*57*

A **box plot **is a type of plot that we can use to visualize the five number summary of a dataset, which includes:

- The minimum
- The first quartile
- The median
- The third quartile
- The maximum

This tutorial explains how to create and modify box plots in Stata.

**Example: Box Plots in Stata**

We’ll use a dataset called *auto *to illustrate how to create and modify boxplots in Stata.

First, load the data by typing the following into the Command box and clicking *Enter*:

use http://www.stata-press.com/data/r13/auto

**Vertical Box Plots**

We can create a vertical box plot for the variable *mpg *by using the **graph box **command:

graph box mpg

**Horizontal Box Plots**

Alternatively, we can create a horizontal box plot by using the **graph hbox **command:

graph hbox mpg

**Box Plots by Category**

We can also create several box plots based on a single categorical variable using the **over() **command.

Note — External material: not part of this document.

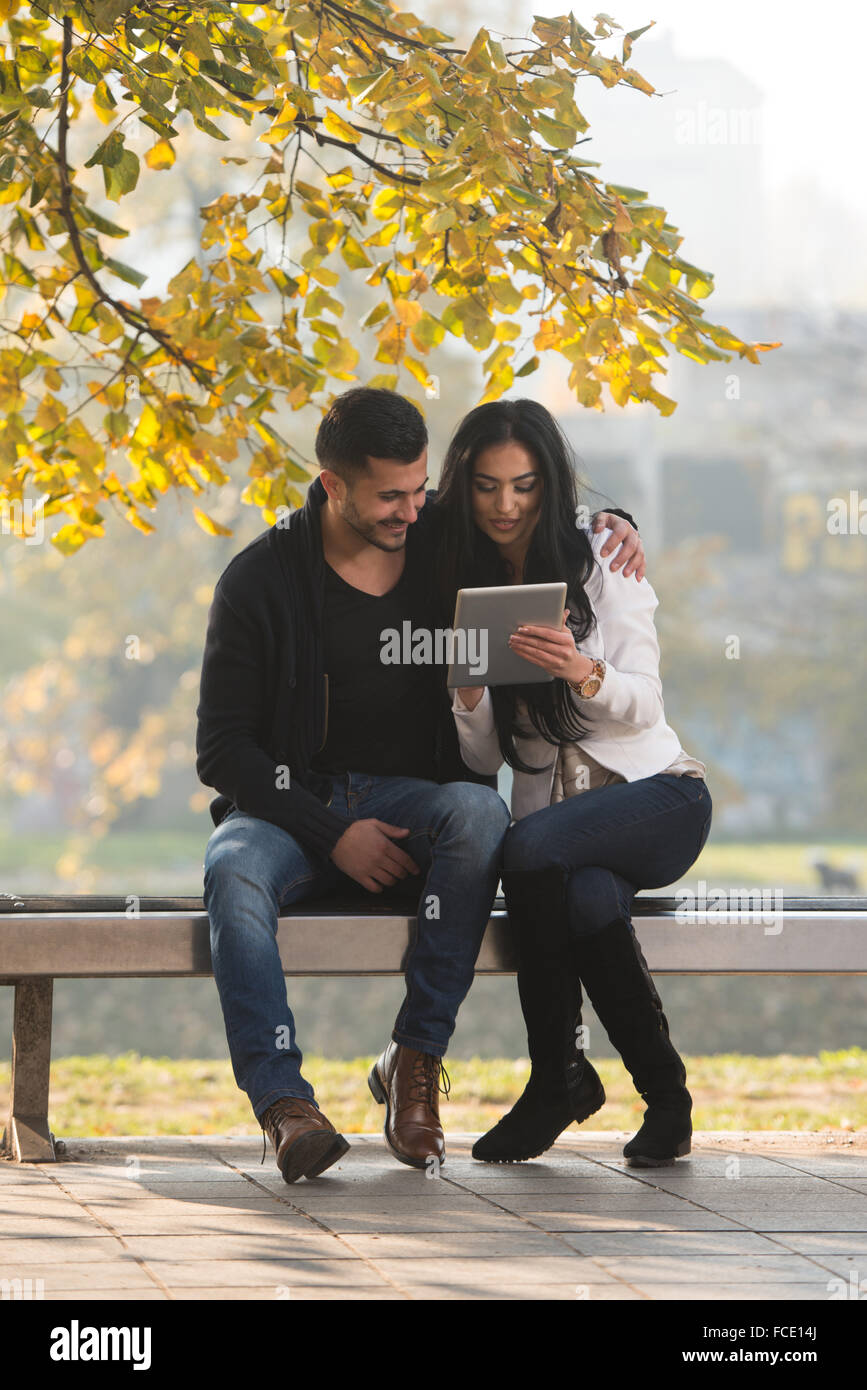 Beautiful Young Couple Sitting On Bench In The Park On A Beautiful ...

For example, the following command can be used to create box plots that show the distribution of *mpg*, based on the categorical variable *foreign*, which indicates whether a car is foreign or domestic.

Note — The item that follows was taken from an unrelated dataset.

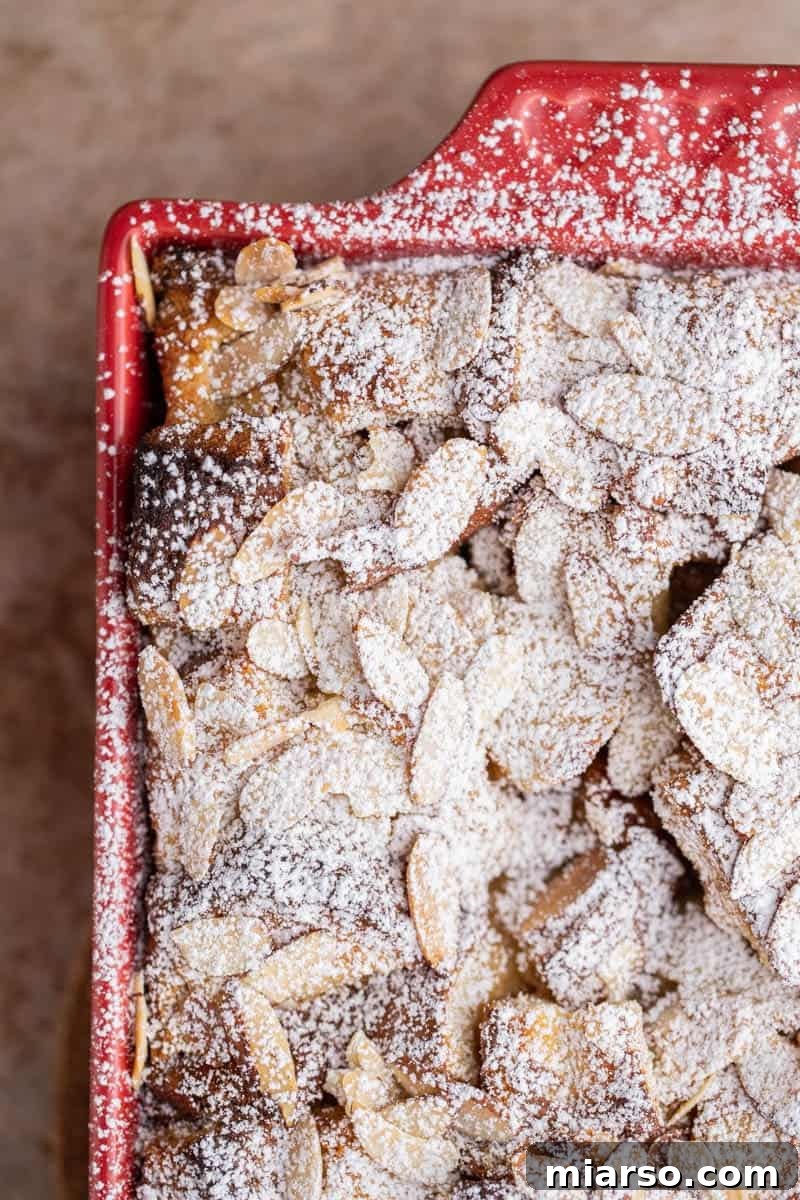 Brioche french toast casserole cooling, dusted with powdered sugar.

graph box mpg, over(foreign)

**Multiple Box Plots by Category**

We can also create box plots for more than one variable based on a categorical variable. For example, the following command can be used to create box plots for the variables *headroom *and *gear_ratio*, based on the categorical variable *foreign*:

graph box headroom gear_ratio, over(foreign)

**Modifying the Appearance of Box Plots**

We can use several different commands to modify the appearance of the box plots.

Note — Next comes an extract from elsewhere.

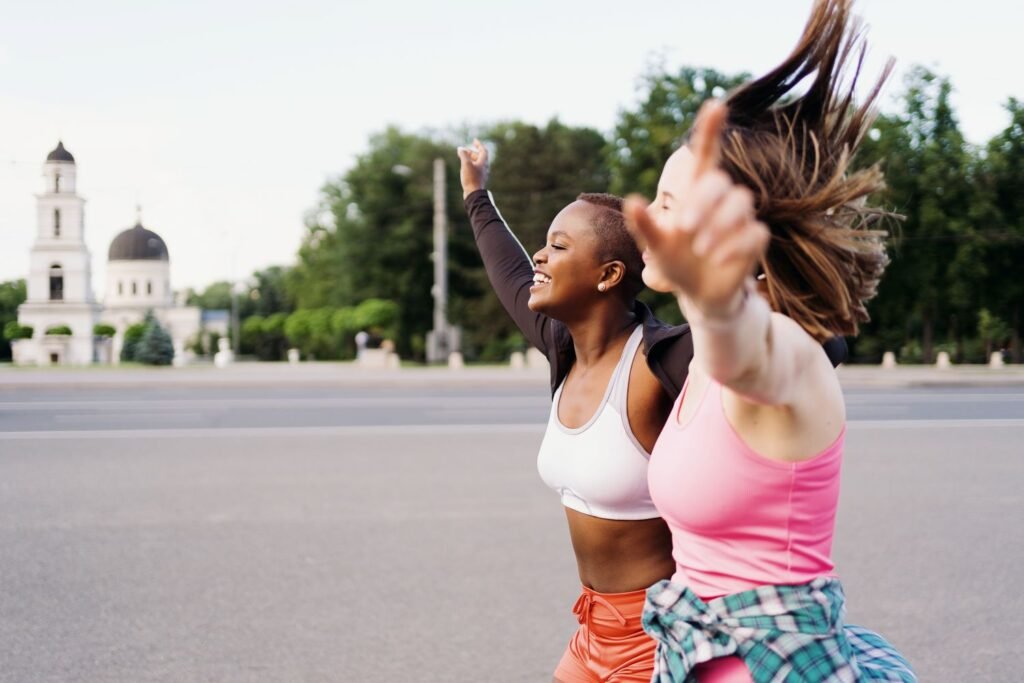 Energetic and smiling friends running outside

We can add a title to the plot using the **title() **command:

graph box mpg, title(“Distribution of mpg”)

We can also add a subtitle underneath the title using the **subtitle() **command:

graph box mpg, title(“Distribution of mpg”) subtitle(“(sample size = 74 cars)”)

We can also add a note or comment at the bottom of the graph by using the **note() **command:

graph box mpg, note(“Source: 1978 Automobile Data”)

Lastly, we can change the actual color of the box plot by using the **box(variable #, color(color_choice))** command:

graph box mpg, box(1, color(green))

A full list of available colors can be found in the Stata Documentation.